GeoTessera 0.7 out with efficient sampling and Zarr support / Nov 2025 / DOI

I've just released geotessera 0.7 to pypi for our TESSERA geospatial foundation model, following on from the first release earlier this year. To recap:

TESSERA is a foundation model for Earth observation that processes Sentinel-1 and Sentinel-2 satellite data to generate representation (embedding) maps. It compresses a full year of Sentinel-1 and Sentinel-2 data and learns useful temporal-spectral features. -- Temporal Embeddings of Surface Spectra for Earth Representation and Analysis

With this new release, there's convenient documentation to show how you can freely access 150TB+ of CC-BY-licensed embeddings of the earth's surface. We've been getting a growing influx of requests for diverse regions of the world, and so our focus for the next few months is attaining complete coverage of our v1 model on the whole planet.

Generating and storing the world's embeddings

A new coverage map visualiser tracks our progress towards complete global embeddings; to complete the set, we have a giant inferencing task ahead of us. AMD kindly provided us access to an MI300X cluster for us to train the TESSERA models on, and now we are using our in-house Dawn cluster along with machines donated by Tarides and Jane Street to run every tile on earth through our pipeline. The output of this is a very large set of 128 dimensional vectors in numpy format, which we then spatially sort and make available for download. You can browse the tiles on our HTTP server, where you can see one such tile and associated checksums.

The hourly refresh of the progress of our global embeddings for 2017-2024
The hourly refresh of the progress of our global embeddings for 2017-2024

All pretty simple stuff -- it's just some floating point numbers! -- except for the sheer number of them. Each tile of vectors is around 160MB in size, and so we need around 250TB of storage per year, and we want them from 2017 through to 2024. And by the time we're done inferring all these, 2026 will be upon us and we'll need to generate another 250TBs in short order for the 2025 seasons. Ultimately, to keep up with this we need to build a scalable, open and federated pipeline to handle this, which the 0.7 geotessera release lays the groundwork for.

Earlier releases of geotessera used the Pooch library as a registry for all the embeddings. Pooch is a very convenient Python library that handles the details of fetching, checksumming and caching, but is really designed for grabbing a few large datasets, for example from Zenodo. The Tessera manifests repository for Pooch now has over a million files and takes minutes to initialise the data structures, which in turn makes using GeoTessera interactively slow.

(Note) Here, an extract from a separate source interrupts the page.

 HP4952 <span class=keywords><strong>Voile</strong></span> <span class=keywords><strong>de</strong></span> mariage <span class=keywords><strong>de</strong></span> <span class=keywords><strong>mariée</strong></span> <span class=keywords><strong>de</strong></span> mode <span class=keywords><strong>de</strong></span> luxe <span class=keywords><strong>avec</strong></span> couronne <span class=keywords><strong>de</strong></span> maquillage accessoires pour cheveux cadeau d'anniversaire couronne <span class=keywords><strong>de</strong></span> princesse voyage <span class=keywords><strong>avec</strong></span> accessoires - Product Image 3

One lesson Sadiq Jaffer and I learnt from building our giant literature database is how good the Parquet file format is. So in this 0.7 release, we switch from a text format to track all the tiles to a couple of GeoParquet databases. To help visualize this, I've created an avsm/geotessera HuggingFace dataset where you can browse the format, as well as an interactive coverage map.

Now when you initialise GeoTessera 0.7+, it will download the two parquet files instead of using the old git registry. The landmasks parquet rarely changes (it just provides the mapping between ocean/land tiles and the relevant UTM projection). The registry contains the tiles for all years, and weighs in around 100MB so far compressed. In future releases, I'll probably split out them out to be per-year, which will make them smaller again, but they're all in one place for convenience right now as the size of the registry download is about the same as a single embedding tile, so it's not hugely significant to optimise at this stage.

Towards Zarr format instead of Numpy?

Hot on the heels of the 0.7.0 release, Janne Mäyrä submitted a PR to add support for a file format called Zarr which is a really optimised way to store tensors.

Zarr is a community project to develop specifications and software for storage of large N-dimensional typed arrays, also commonly known as tensors. A particular focus of Zarr is to provide support for storage using distributed systems like cloud object stores, and to enable efficient I/O for parallel computing applications.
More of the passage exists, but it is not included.